Details on how to test the 3.5.0 beta1 can be found at:

more detail on this bulk operation: http://nabble.documentfoundation.org/RFC-Operation-Spamzilla-tp3607474p3607474.html
Comment 5 Julien Nabet 2012-01-21 14:59:34 UTC
According to http://www.robinlionheart.com/stds/html4/spchars or http://en.wikipedia.org/wiki/Hyphen, shouldn't it be "#8208" instead of "8209" ?

Quote of first source :
In addition to the soft hyphen, there is also a hard hyphen (‐ or ‐) which always renders, and a nonbreaking hyphen character (‑ or ‑), for hyphens that do not break words across lines.
Comment 6 gordon.lack 2012-01-22 04:13:56 UTC
>> shouldn't it be "#8208" instead of "8209"

No!  As your quote notes, &#8209 is the nonbreaking hyphen character, which *is* what is needed here!  That is a hyphen which is *always* displayed but *never* breaks.

A soft-hypehn is one at an optional break which is only displayed if the break occurs, while a hard-hyphen is one which is always displayed even if there is no break - but a break is allowed.  So both of these allow breaks.  The whole point of a non-break hyphen is to prevent breaking, while still displaying a hyphen
Comment 7 gordon.lack 2012-01-22 04:38:38 UTC
I can confirm that this bug still exists in:

 LibreOffice 3.5.0rc1 
 Build ID: b6c8ba5-8c0b455-0b5e650-d7f0dd3-b100c87
Comment 8 Caolán McNamara 2012-05-09 05:56:00 UTC
Sorry for the insane delay, fell through the cracks :-(. pushed now, bug was in since very initial commit in 2000

Mailing to the libreoffice@lists.freedesktop.org list is the best route to get a patch looked at FWIW
Comment 9 gordon.lack 2012-05-09 13:47:49 UTC
>> caolanm->gordon: can you confirm your patch is under our preferred LGPLv3+/MPL+ license combination ?

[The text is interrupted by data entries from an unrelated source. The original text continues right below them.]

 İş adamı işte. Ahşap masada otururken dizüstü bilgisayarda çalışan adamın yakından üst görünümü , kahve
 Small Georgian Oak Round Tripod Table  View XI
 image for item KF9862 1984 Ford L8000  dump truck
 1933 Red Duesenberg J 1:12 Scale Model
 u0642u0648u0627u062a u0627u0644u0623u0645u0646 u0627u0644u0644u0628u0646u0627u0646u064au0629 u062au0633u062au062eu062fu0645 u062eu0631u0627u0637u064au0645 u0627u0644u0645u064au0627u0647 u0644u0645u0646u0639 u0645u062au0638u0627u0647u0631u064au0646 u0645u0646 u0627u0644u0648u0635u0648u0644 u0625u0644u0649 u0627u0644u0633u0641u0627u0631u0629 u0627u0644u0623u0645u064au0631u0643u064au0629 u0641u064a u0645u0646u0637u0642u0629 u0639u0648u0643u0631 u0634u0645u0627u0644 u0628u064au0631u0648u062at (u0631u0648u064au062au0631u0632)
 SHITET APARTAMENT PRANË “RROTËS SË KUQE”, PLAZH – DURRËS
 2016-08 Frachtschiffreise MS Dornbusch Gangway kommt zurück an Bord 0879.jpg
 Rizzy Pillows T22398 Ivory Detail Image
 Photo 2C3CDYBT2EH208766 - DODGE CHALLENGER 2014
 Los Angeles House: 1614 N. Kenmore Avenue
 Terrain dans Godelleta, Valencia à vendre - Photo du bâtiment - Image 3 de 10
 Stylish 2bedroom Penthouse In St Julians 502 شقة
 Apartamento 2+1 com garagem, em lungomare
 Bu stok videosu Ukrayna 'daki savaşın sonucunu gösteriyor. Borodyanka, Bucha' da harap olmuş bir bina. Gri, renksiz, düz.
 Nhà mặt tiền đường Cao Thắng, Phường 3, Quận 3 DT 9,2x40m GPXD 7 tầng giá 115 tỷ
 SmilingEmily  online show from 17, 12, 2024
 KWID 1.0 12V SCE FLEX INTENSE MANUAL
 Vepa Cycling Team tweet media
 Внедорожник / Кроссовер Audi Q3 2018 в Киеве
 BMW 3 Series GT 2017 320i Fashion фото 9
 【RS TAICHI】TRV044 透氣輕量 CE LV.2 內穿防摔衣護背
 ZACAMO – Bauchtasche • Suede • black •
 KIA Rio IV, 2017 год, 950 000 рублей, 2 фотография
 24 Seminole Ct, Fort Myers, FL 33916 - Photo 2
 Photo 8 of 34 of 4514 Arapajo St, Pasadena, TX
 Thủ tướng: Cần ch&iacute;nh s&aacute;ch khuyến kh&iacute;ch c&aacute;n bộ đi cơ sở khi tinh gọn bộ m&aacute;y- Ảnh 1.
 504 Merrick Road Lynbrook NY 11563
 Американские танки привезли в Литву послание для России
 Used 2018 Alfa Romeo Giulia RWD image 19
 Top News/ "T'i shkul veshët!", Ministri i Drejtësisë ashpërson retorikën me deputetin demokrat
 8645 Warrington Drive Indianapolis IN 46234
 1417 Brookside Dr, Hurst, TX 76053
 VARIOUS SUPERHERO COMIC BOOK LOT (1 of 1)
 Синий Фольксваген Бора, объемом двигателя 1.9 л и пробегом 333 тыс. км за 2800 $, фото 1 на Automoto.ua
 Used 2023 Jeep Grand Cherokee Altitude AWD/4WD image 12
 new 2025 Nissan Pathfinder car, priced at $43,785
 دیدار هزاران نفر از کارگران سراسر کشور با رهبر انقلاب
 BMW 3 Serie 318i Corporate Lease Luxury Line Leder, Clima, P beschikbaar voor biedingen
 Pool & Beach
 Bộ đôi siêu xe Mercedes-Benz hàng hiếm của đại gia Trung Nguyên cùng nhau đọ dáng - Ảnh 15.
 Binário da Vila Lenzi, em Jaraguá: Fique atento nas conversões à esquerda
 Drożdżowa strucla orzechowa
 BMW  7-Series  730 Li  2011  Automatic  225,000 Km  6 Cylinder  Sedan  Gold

Yes - that's fine.  I'm happy to transfer all ownership to you (or anyone) to do with as you wish, so that will do.
Comment 10 Caolán McNamara 2012-05-09 14:55:59 UTC
great, thanks, added you to...
if you want to review those details in case I got them wrong.

It's insanely wrong the patch lingered so long, apologies.